Happy Friday y’all. Well, the “most important jobs number ever” is upon us, with NFP coming out at 7:30 CST. Consensus is calling for an addition of 180,000 job, while Goldman Sachs is the resident optimist on the street with an estimate of 200,000 additional jobs. We’ll cop out and say jobs fall somewhere in between there, and we’ll throw our hat in the ring with an estimate of 189,000 jobs.

So what does this mean for the market? Well, it’s hard to say right now, but we’ll take a stab at it. Markets have shown a considerable amount of resiliency this year as bad news has been good news and good news has been good news. Anything aside from a disastrous jobs number will probably signal to the Fed that we are ready for tapering (though the actual jobs picture is still fairly putrid – Bloomberg flashed a great chart this morning showing a massive deceleration of full-time jobs versus rapid growth in part-time jobs, rhetoric that is being translated as “a job is a job,” which I’m sure many Americans would disagree with). In our view, we’re not convinced that tapering is a death sentence for the market like some pundits are expecting. We partially outlined our stance yesterday, and we do believe that interest rate sensitive equities will take a hit, but with expectations of tapering happening sooner rather than later, perhaps equity markets have already priced in that expectation. That’s not to say that markets will surge out of the gate no matter what today, but we would refrain from calling tapering a major downside catalyst.

There are still other factors that could send the market into a swoon, including the ongoing situation in Syria and the seemingly never-ending debt ceiling debate (which feels like a non-event). While it is likely the proverbial can will be kicked once again when it comes to the debt ceiling, predicting an outcome in Syria is an exercise in futility as the Obama administration has been horrendous when it comes to execution. Let the market react as it will, just be wary of leaning too hard one way or the other. This is a headline-driven market until further notice, and selectivity will be paramount until these events are in the rear view mirror.

We pared our gross exposure yesterday to pocket some gains and allow some added mobility ahead of this jobs number. Whatever your market sentiment, just remember one thing today: keep your head on a swivel.

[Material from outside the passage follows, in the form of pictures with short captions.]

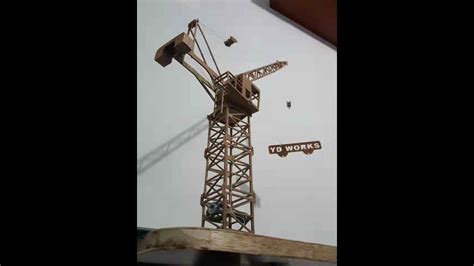This crane , with a 16ft long boom, could lift 3 kids. DIY tower crane luffing jib with wood - YouTube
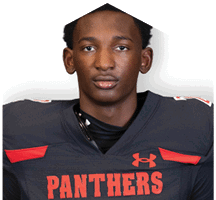 A person wearing a black sports jersey with red accents and the word “PANTHERS" printed on the front. Description generated by AI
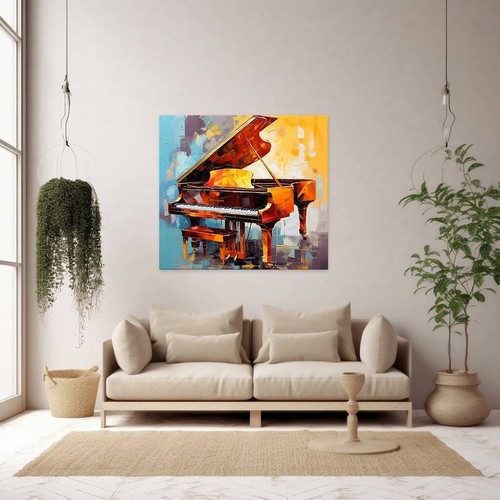 Piano Musica Stile Pittura Colorata Stampa su Tela, Musica Classica Arte - Foto 9 di 9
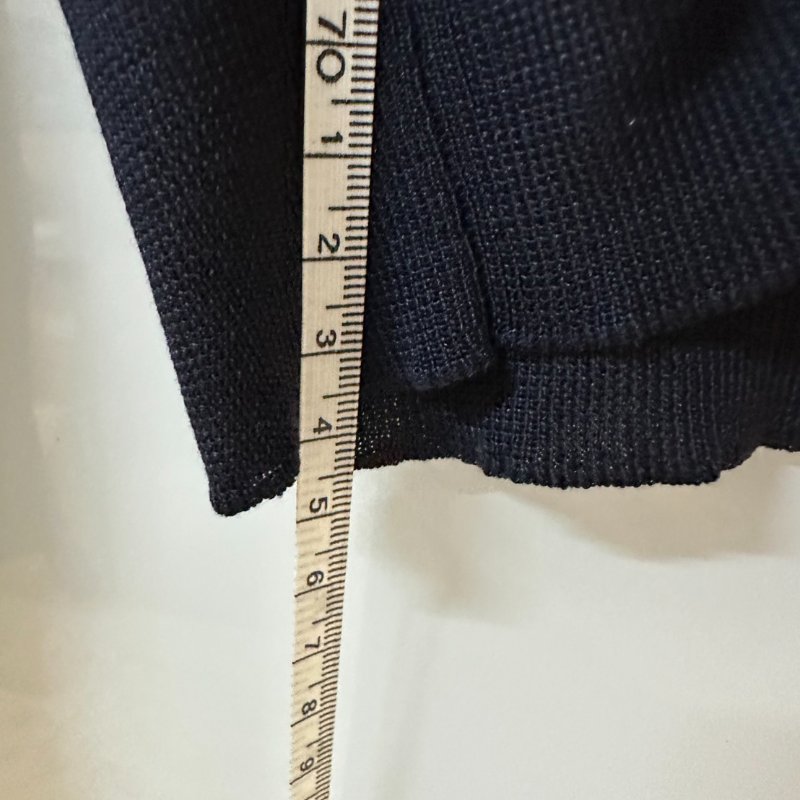 【美收精品】HERMES 深藍色滿版LOGO針織長袖 2-733-9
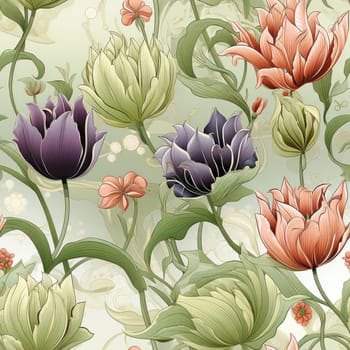 Delicate floral pattern featuring colorful flowers in a wallpaper style (tiled)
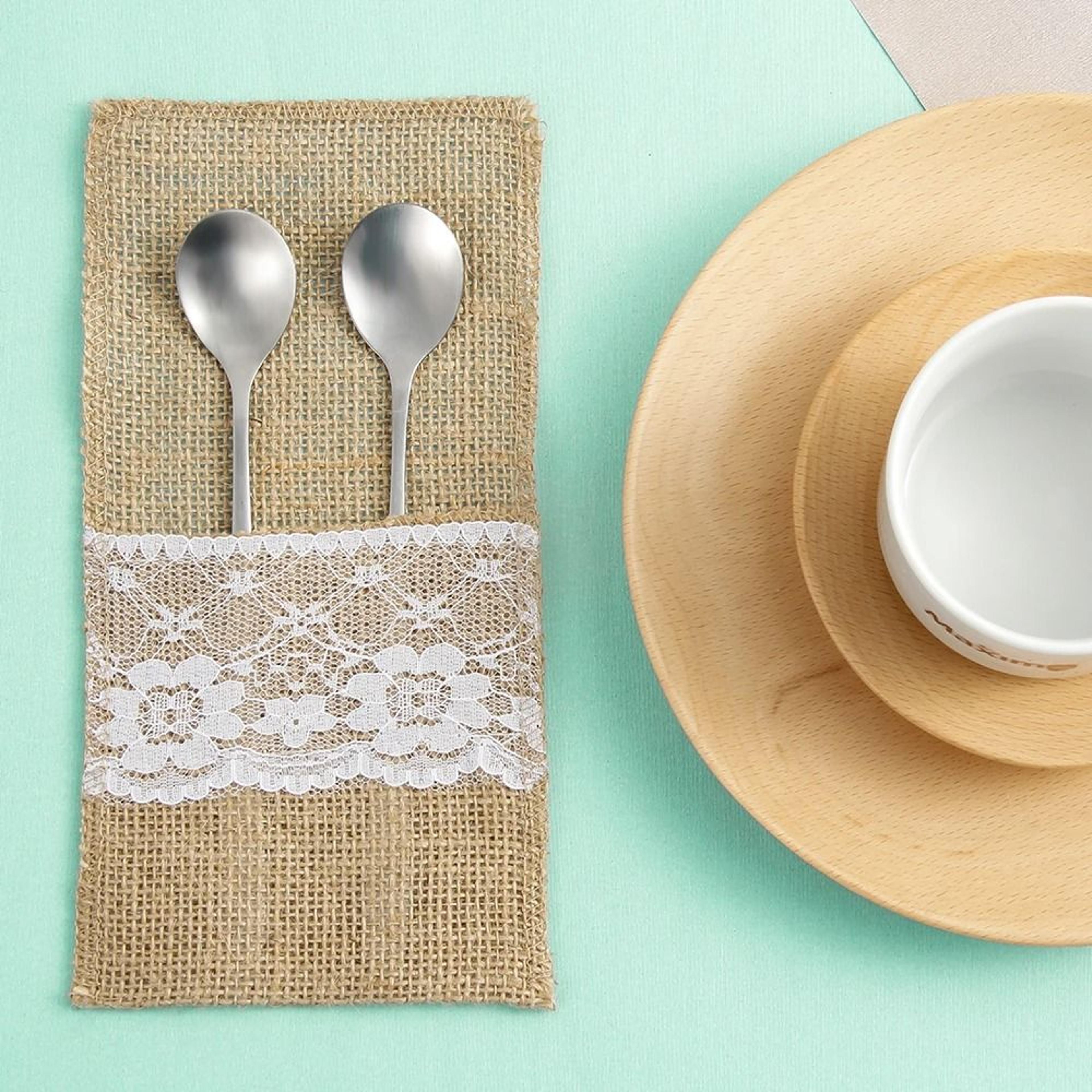 50 Piece Burlap Lace Cutlery Pouch Set For Rustic Table Decor 7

(Anchorman is clearly a theme this week)

Got a prediction for the jobs number and the corresponding market reaction? Throw it in the comments.

Bonds, Bonds, Bonds

Morning y’all. Sovereign debt and economic stimulus is making all the headlines with the US  and German 10-Year yields inching higher. The US 10Y is trading at roughly 2.94% while the German bund clipped 2% for the first time since 2012. The ECB is leaving benchmark interest rates unchanged at 0.5%, and the Japanese yen crossed 100 while the Nikkei rallied overnight for modest gains.

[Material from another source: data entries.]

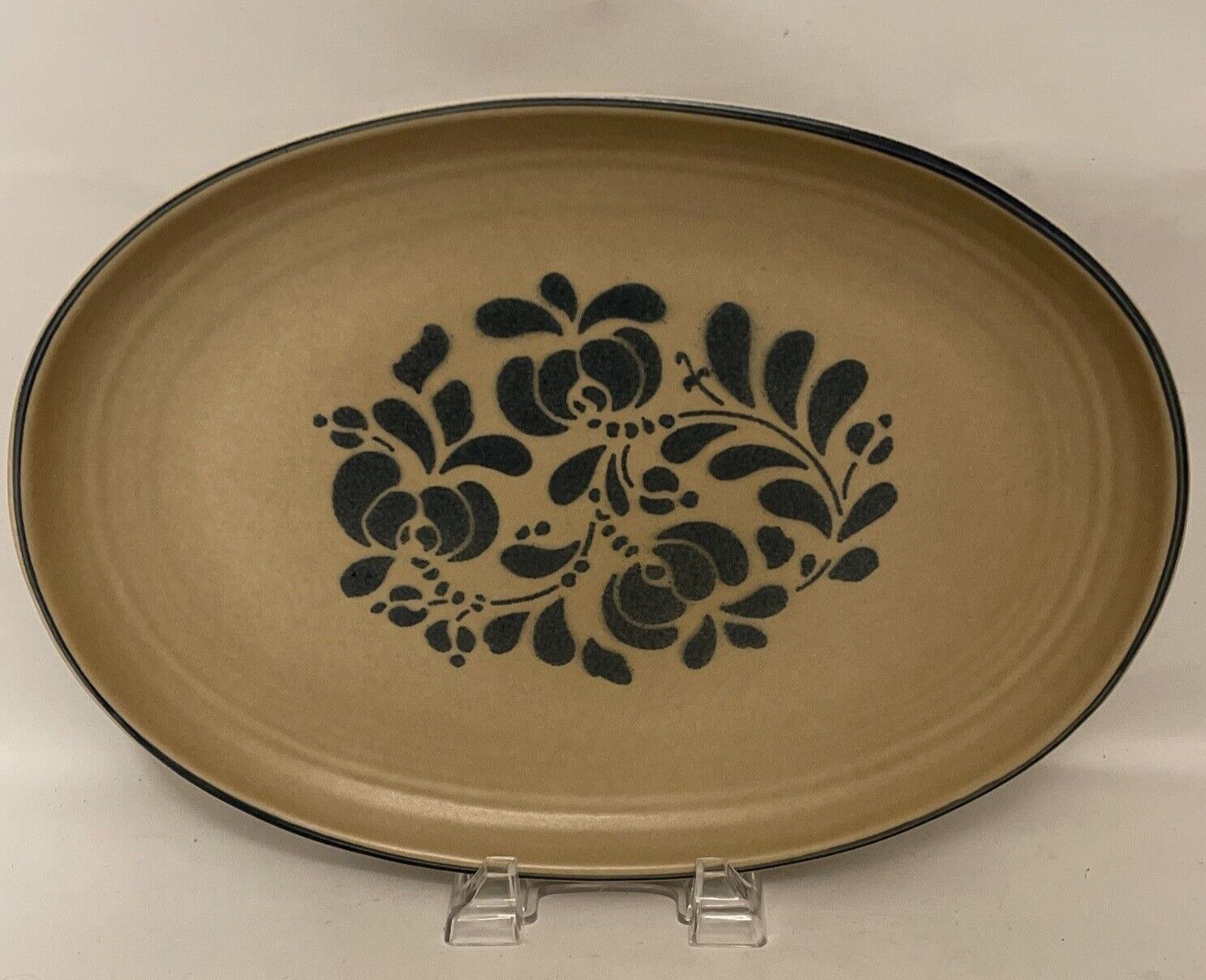 FOLK ART OVAL PLATTER 14 1/8"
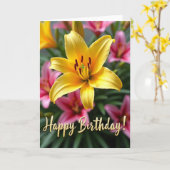 Carte Fleur Dorée Rayée (Fleur jaune)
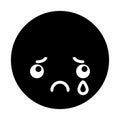 Angry black kawaii emoticon face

S&P futures are more or less flat this morning ahead of perhaps the biggest jobs data we’ve seen since the last release (rimshot!). In all seriousness, today’s jobless claims and Friday’s jobs report will be paramount in the decision making process regarding tapering, which should accelerate the rise of rates. While recent jobs data has shown decent growth, we’re not convinced that the underlying economy is as stable as some of the pundits would have you believe. With that said, we think it is indeed time to taper to allow this market to make a directional move without being throttled by every headline coming out of the Fed. Look for a lot of commentary regarding tapering in the coming days, while headlines out of the G20 and continued discussion regarding the Syrian situation could serve as shocks to the market. We would expect the market to take a definitive direction following today’s jobless claims.

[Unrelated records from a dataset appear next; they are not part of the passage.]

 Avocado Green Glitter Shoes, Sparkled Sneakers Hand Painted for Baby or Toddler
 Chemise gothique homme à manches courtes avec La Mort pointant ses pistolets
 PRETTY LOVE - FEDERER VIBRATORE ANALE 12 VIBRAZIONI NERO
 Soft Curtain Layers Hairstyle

On the company front, not a ton of news this morning. Yahoo $YHOO made a “splash” by unveiling a new logo… yawn. The stock has been on quite a tear this year, but Marissa Mayer is going to need to start delivering sooner rather than later, and we’re not sure how spending $1 billion on Tumblr is going to radically alter the face of the firm. Samsung is still in the spotlight after yesterday’s product reveal, setting the stage for Apple’s $AAPL event next week. The perpetual turnaround story at Groupon $GRPN received another shot in the arm from Morgan Stanley with an upgrade to overweight. Groupon has been acquiring warehouses to improve distribution of its consumer goods, and the company’s mobile efforts have shown improvement. As Chicagoans, we’ve always had a healthy disdain for the Groupon platform and in the few times I’ve been to the site, I’ve rarely found deals that are even of vague interest to me. Still, it’s hard to argue with the direction of the stock, and it seems like getting Andrew Mason out of the way has reignited the fervor of growth surrounding this name. Still, we can’t see Groupon becoming a serious competitor for Amazon $AMZN just yet, as some have speculated.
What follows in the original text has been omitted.